Nissuno gli aiutava, perchè ognuno pensava a sè; nissuno anche a
loro abbadava, perchè la frequenza aveva tolto orrore al fatto. Pure
alcuni tra gli spasimi e stridi spaventevoli, e con iscosse e contorte
membra davano l'ultimo sospiro in mezzo alle popolari folle. Fanciulli
abbandonati da parenti morti o da parenti disperati imploravano con
atti con pianti e con voci miserabili, la pietà di chi passava. Nissuno
gli aiutava ed aveva di loro compassione, perchè il dolore proprio
aveva spento il compassionare l'altrui. Razzolavano quelle innocenti
creature bramosamente nei rivoletti delle contrade, nelle fogne, negli
sfoghi dei lavatoi, per vedere se qualche rimasuglio di bestia morta o
qualche avanzo di pasto di bestia vi si trovasse, e trovatone, se lo
mangiavano. Spesso chi si corcava vivo la sera, era trovato morto la
mattina, i fanciulli più frequentemente degli attempati. Accusavano
i padri la tarda morte, ed alcuni con le proprie mani violentemente
se la davano. Ciò facevano i cittadini, ciò facevano i soldati. Dei
Franzesi, alcuni, anteponendo la morte alla fame, da per sè stessi si
ammazzavano, altri le armi a terra sdegnosamente gettavano, protestando
non più esser abili, per la perduta forza, a portarle. Altri, una
disperata dimora abbandonando, nel nemico campo se ne andavano,
Inglesi ed Austriaci di quella pietà e di quei cibi richiedendo, che
tra Franzesi e Genovesi più non ritrovavano. Crudo poi ed oltre ogni
dire orribile spettacolo era quello dei prigionieri di guerra tedeschi
ditenuti su certe barcacce sorte nel porto; perchè la necessità ultima
delle cose aveva operato che ad essi nutrimento di sorte alcuna già
da alcuni giorni non si compartisse. Mangiarono le scarpe loro, le
pelli dei soldateschi zaini; già con occhi torvi guardavano se non
avessero a mangiarsi i loro compagni. Si venne a tale, che si tolsero
loro le guardie franzesi, perchè si temette che, sforzati del famelico
furore, non si avventassero contro di loro, e sbranatele, non se le
divorassero. Tanta era la disperazion loro, che tentarono di forar le
barche per andar a fondo, amando meglio perire affogati dalle acque
che straziati dalla fame. S'aggiunse, come accadde, alla orrenda fame
la mortalità pestilenziale. Febbri pessime le genti all'altra vita
con morti spessissime si portavano sì negli ospedali del pubblico,
sì negli ultimi casolari dei poveri, e sì nei superbi palazzi dei
ricchi.
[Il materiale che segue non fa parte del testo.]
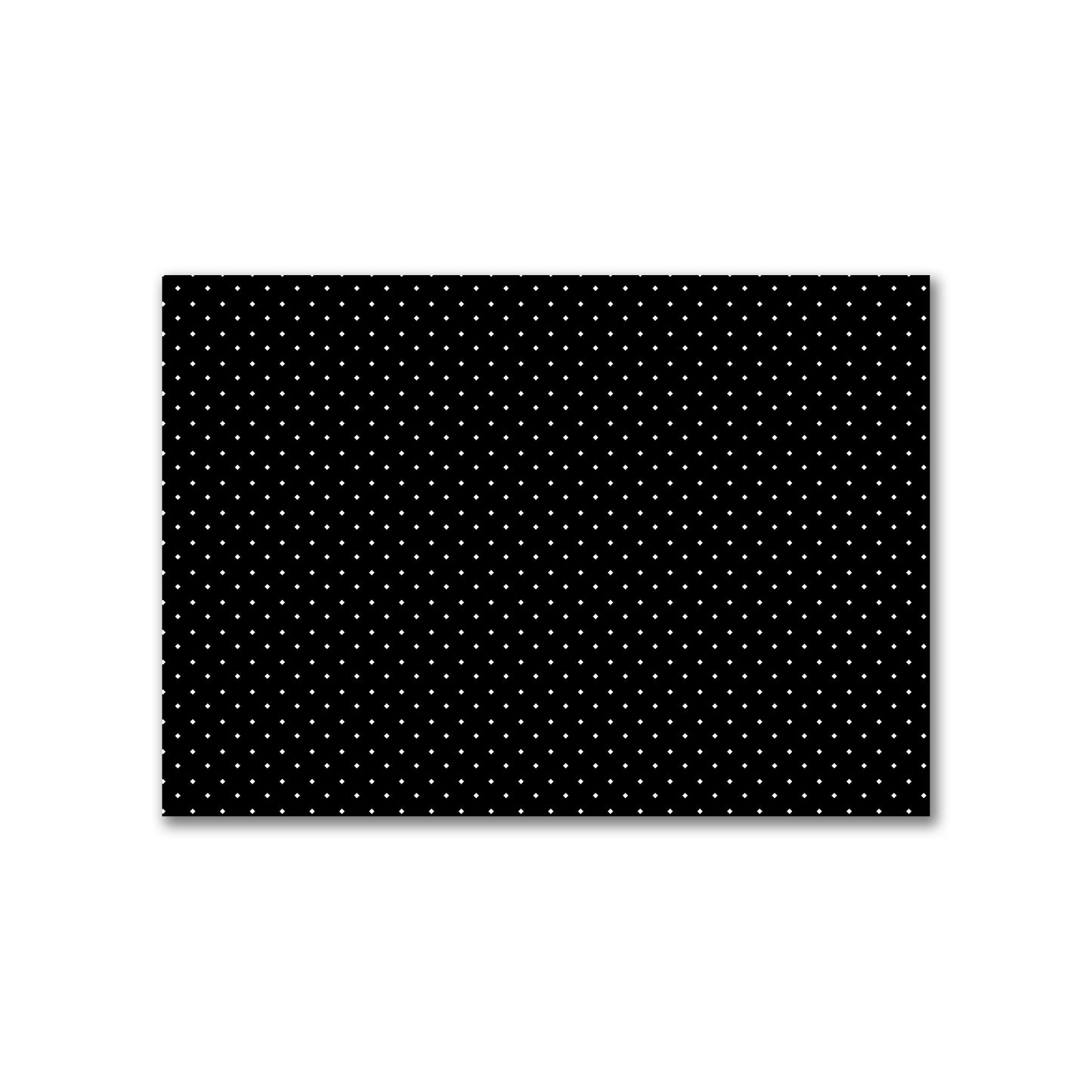 Cotton Canvas Fabric with Pale Cream Diamonds on Black, FACC-1013-102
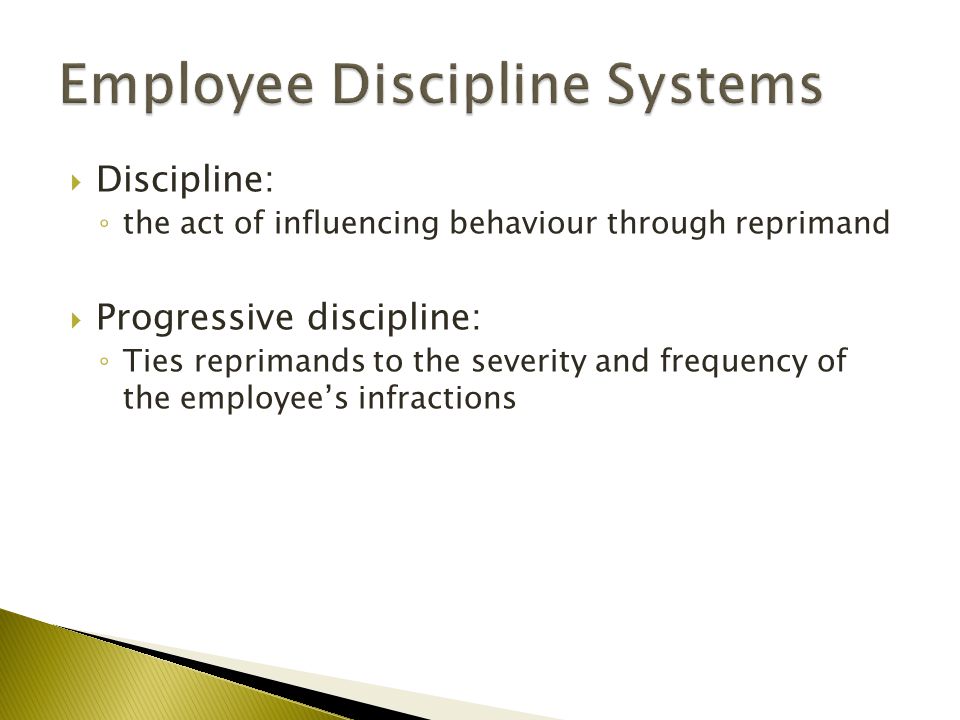 Employee Discipline Systems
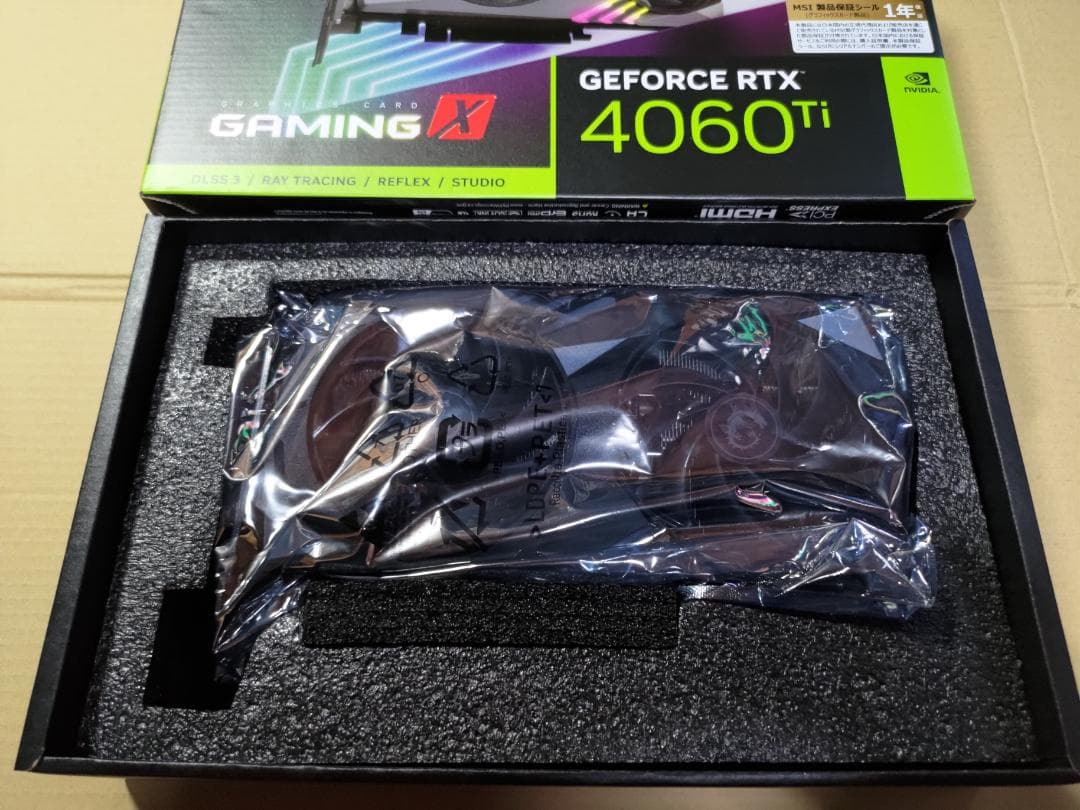グラフィックボード・グラボ・ビデオカード GeForce RTX 4060 Ti GAMING X 16G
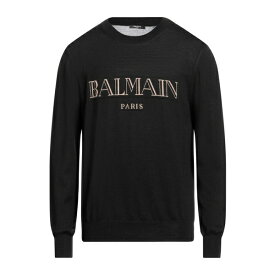 【送料無料】 バルマン メンズ ニット&セーター アウター Sweaters Black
Mescolavansi sotto il medesimo tetto i generi delle morti: chi
moriva arrabbiato dalla fame, chi stupido dalla febbre, chi pallido
per difetto di nutritiva sostanza, chi livido per petecchiali macchie.
Niuna cosa esente da dolore, niuna da paura; chi viveva, o aspettava
la morte o vedeva morire i suoi. Tal era lo stato dell'una volta ricca
ed allegra Genova, del quale il pensier peggiore era questo, che il
soffrir presente non poteva riuscire ad alcun utile suo.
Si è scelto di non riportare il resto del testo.